> Record excerpts
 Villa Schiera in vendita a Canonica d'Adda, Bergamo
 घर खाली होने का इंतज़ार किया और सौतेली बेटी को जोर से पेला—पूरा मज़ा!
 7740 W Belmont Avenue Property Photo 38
* * *
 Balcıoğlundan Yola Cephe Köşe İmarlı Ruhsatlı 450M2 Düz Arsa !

> Problem description
Copy the entries above exactly, but only from the line holding "Villa Schiera in" through the line holding "7740 W Belmont Avenue Property Photo 38", both included.

> Task solution
 Villa Schiera in vendita a Canonica d'Adda, Bergamo
 घर खाली होने का इंतज़ार किया और सौतेली बेटी को जोर से पेला—पूरा मज़ा!
 7740 W Belmont Avenue Property Photo 38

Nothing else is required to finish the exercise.